It took decades for Japanese whisky to gain acceptance from connoisseurs and be considered on par with the finest offerings from the West. The budding Japanese gin industry, from all evidence, won’t have to wait as long. Created at some of Japan’s famed whisky distilleries, the new gins use a combination of traditional and native Japanese botanicals, creating a style that’s at once familiar and unique.
The Kyoto Distillery has a British gin veteran — former Cotswolds distiller Alex Davies — running the show, but it makes the least traditional gin of the lot. Its inaugural offering, Kyoto Ki No Bi Dry Gin (main picture) uses a base spirit distilled from rice. The botanicals, which include Japanese cypress wood chips, bamboo and gyokuro tea, are separated into six groups that are individually distilled and then blended. It’s a big, fruity gin with citrus and berry notes up front — a great match for tonic or ideal simply on the rocks. The distillery will also be releasing a navy-strength gin (114 proof) as well as a variation prominently featuring tea.
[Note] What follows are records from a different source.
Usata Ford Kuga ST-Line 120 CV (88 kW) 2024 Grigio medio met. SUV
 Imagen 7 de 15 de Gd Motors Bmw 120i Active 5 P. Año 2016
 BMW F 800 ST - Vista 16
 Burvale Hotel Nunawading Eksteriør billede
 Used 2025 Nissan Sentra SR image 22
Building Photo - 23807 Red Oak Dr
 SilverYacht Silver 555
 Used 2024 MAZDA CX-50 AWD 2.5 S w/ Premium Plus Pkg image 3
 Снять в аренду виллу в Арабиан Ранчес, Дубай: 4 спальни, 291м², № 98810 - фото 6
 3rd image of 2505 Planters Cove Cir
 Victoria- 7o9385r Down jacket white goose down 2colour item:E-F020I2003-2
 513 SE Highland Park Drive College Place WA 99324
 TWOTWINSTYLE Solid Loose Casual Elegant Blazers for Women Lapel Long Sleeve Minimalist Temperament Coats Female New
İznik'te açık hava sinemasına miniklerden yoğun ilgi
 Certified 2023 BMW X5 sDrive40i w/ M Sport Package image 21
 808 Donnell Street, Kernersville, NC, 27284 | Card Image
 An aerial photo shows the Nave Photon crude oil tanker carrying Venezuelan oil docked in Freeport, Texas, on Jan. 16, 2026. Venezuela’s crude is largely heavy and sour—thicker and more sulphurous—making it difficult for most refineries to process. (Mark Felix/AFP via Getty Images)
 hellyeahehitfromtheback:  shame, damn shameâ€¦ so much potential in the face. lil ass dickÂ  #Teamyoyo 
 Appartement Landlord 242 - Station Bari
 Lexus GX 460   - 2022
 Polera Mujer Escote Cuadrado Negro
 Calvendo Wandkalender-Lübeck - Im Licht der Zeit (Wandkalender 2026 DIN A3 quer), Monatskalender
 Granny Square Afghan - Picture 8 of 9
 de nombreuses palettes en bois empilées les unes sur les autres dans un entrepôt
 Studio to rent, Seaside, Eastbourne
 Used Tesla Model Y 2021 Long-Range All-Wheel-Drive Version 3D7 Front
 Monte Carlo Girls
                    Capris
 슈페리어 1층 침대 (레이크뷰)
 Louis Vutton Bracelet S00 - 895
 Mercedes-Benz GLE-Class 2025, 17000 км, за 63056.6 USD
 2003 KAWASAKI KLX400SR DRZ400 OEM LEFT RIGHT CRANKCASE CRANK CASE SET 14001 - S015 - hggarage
Suntory is Japan’s biggest and best-known whisky producer, whose Yamazaki expressions are among the most sought-after whiskies in the world. Its first-ever gin, Suntory Roku, features six native Japanese botanicals — cherry blossoms, green sencha tea and yuzu among them — alongside juniper and other traditional botanicals. The result is a velvety smooth, buttery gin that’s mellow enough to drink neat, with juniper and citrus notes easing their way onto the palate on the finish. It’s a gin that lives up to the brand’s whiskies.
Nikka is second place to Suntory in terms of size, but it’s been around almost as long (since 1934), and its whiskies are also revered by collectors and connoisseurs. Nikka Coffey Gin is distilled in Nikka’s Coffey (column) stills, which have also produced the brand’s acclaimed Coffey Grain and Coffey Malt whiskies. Its Japanese botanicals include the native citrus fruits amanatsu, shequasar and kabosu. Combined with the traditional botanicals, the citrus makes a tart, refreshing, but surprisingly dry gin that’s ideal in a martini or with a squeeze of lime.
The inaugural editions launched last year in Japan and are now making their way worldwide.